Decision: Active-Active

Why:

  • Simpler: no health checks to configure, no failover logic
  • Instant: if monk goes down, kscloud1 is already handling 50% of traffic
  • Free: Cloudflare Tunnel active-active is free; health-check-based failover requires paid plans

The trade-off: Stateful apps (Forgejo, OpenProject, Kavita) have separate databases on each host. A user might see different data depending on which host answers. This was explicitly accepted: the point is uptime, not data consistency across hosts.


Why nginx for the Portal Instead of a Pre-Built Dashboard?

Options:

  • gethomepage (what was used before) — nice but limited customization
  • Heimdall — similar limitations
  • Custom static site + nginx — full control

Decision: Custom static HTML/CSS/JS + nginx

Why:

  • Complete visual control — the cyberpunk theme, the layout, every pixel
  • Static files served by nginx are extremely fast and reliable
  • Can proxy the metrics API for real-time stats without CORS issues
  • No framework dependencies — no Node.js, no build step, just files

The trade-off: More work to build and maintain than a pre-built dashboard. But you now understand every line of it.

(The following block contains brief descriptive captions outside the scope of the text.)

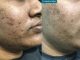 How To Get Rid Of Acne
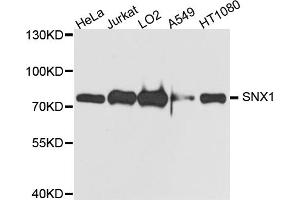 Western blot analysis of extracts of various cell lines, using SNX1 antibody. (Sorting Nexin 1 Antikörper)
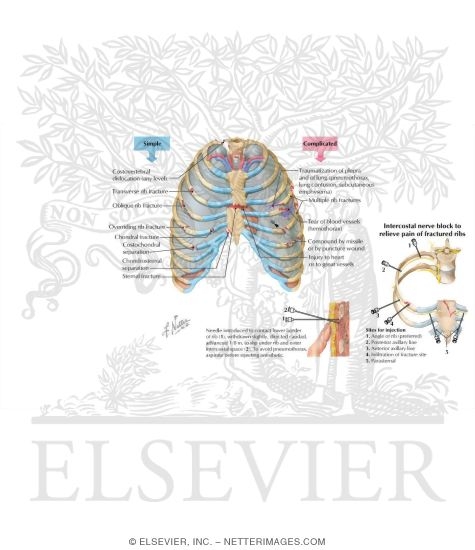 Thoracic Cage Injuries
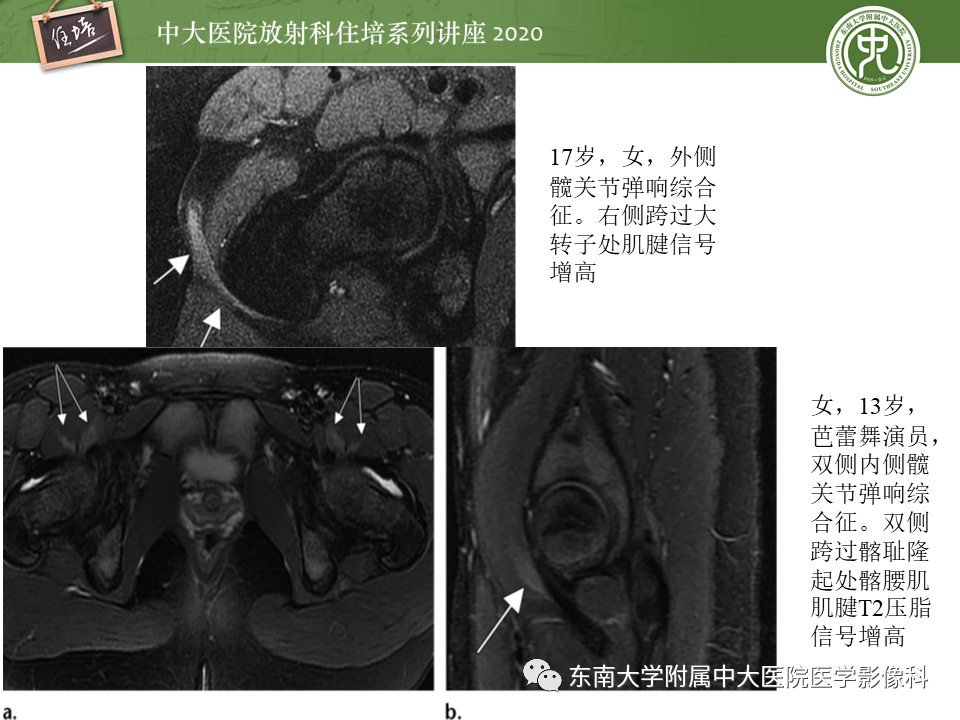 影像PPT - 【PPT】常见撞击综合征的影像诊断-45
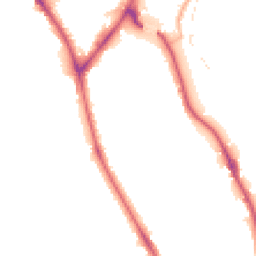 Night-time road noise heatmap for BD18 2BA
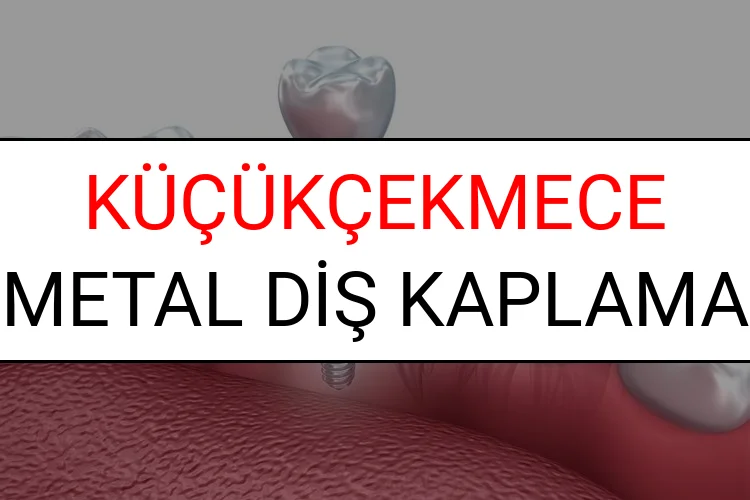 Küçükçekmece Metal Diş Kaplama Fiyatları Ne Kadar? (2025 Küçükçekmece TDB Metal Destekli Diş Fiyatları)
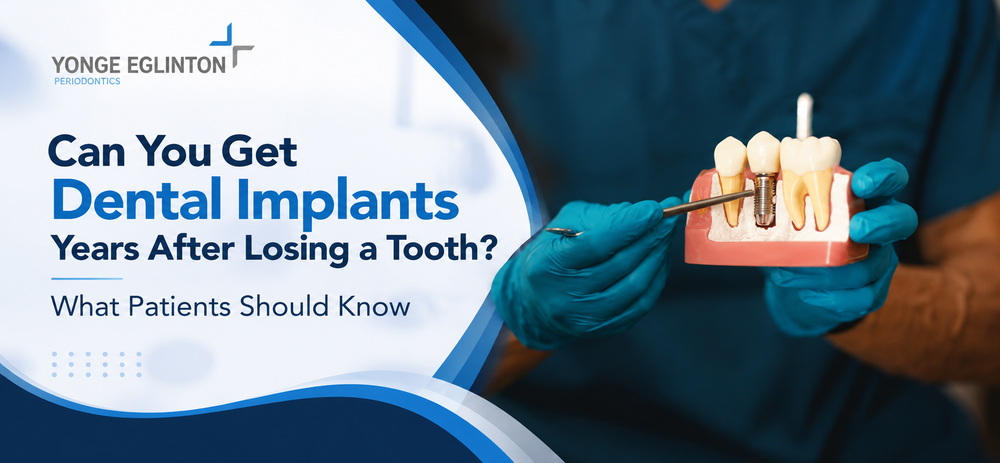 Blog by Yonge Eglinton Periodontics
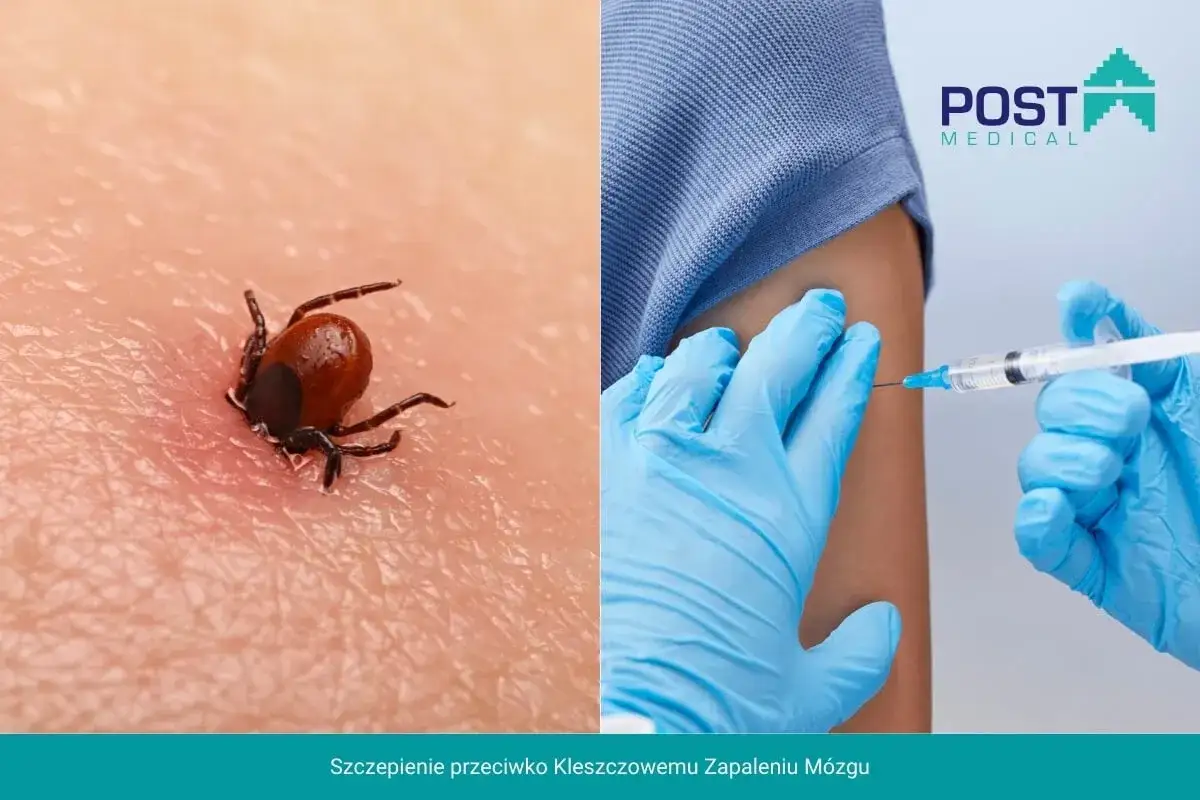 Kleszcz wbija się w skórę, a obok ręka w niebieskiej rękawiczce podaje szczepionkę przeciw kleszczowemu zapaleniu mózgu.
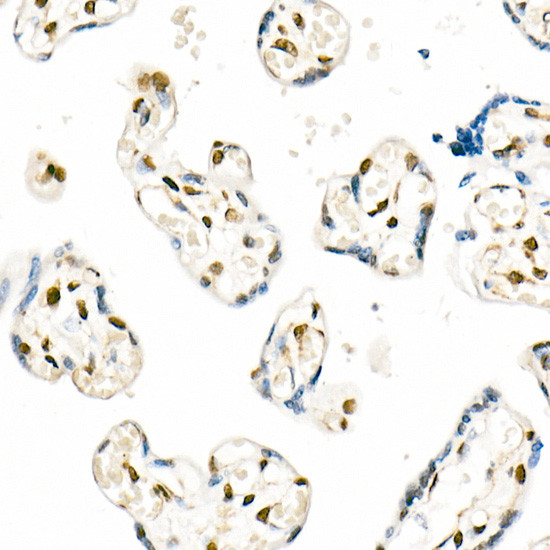 QKI Antibody in Immunohistochemistry (Paraffin) (IHC (P))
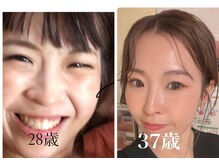 ディアンヌ(Diane)の雰囲気（[衝撃before＆after]見た目ー10歳！むくみ冷え体質.産後ー19kg）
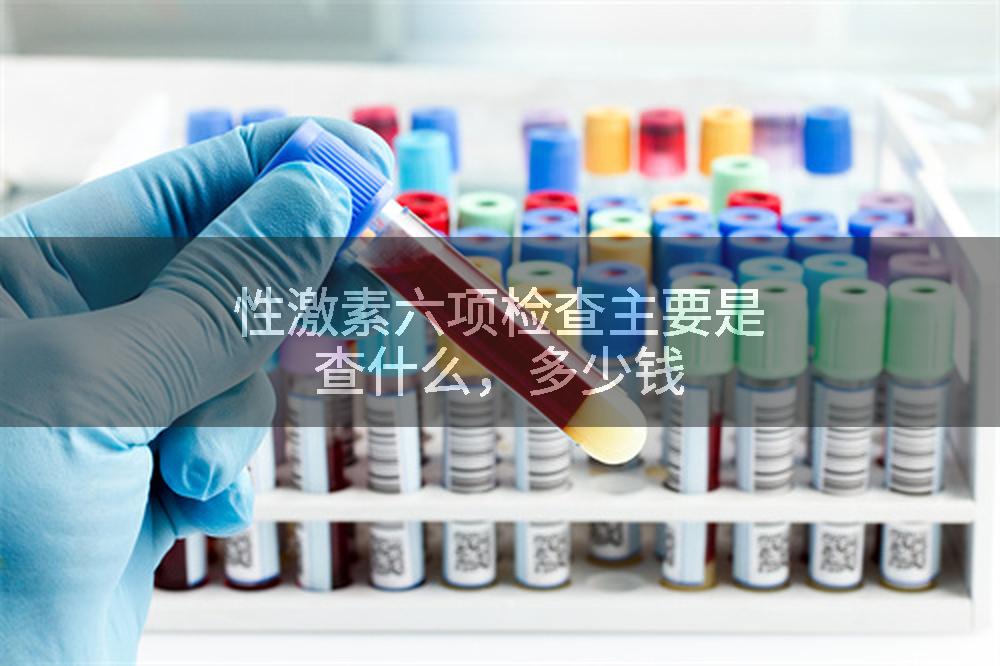 性激素六项检查主要是查什么，多少钱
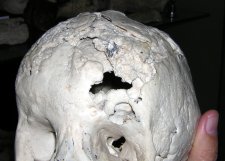 Cráneo de un individuo muerto por sífilis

Why Python + FastAPI for the Metrics API?

Problem: The portal needs real-time system stats (CPU, RAM, network), weather, and Forgejo activity. These can't come from static HTML files.

Options:

  • Shell scripts + cron → write stats to a JSON file the frontend reads
  • Node.js + Express
  • Python + FastAPI

Decision: Python FastAPI

Why:

  • Python's psutil library reads system metrics with one line of code
  • FastAPI is modern, fast, and automatically documents the API
  • async/await means the API doesn't block while waiting for weather API responses
  • Python is readable — you can understand and modify the code

The special requirement: The container needs network_mode: host and pid: host. Without these:

  • network_mode: host: the container can see the host's network interfaces and report real network throughput (not container-level)
  • pid: host: psutil can read the host's /proc filesystem, showing actual system stats instead of container stats

Why the Forgejo Repo for Documentation?

You could keep documentation in Notion, Google Docs, or a wiki.

Why Forgejo:

  • It's self-hosted — you own the data
  • Git tracks every change with a timestamp and message
  • The documentation lives alongside the configs it describes
  • Hiring managers can see the commit history and read your documentation directly

What this shows to a hiring manager: You treat documentation like code — version-controlled, structured, maintained.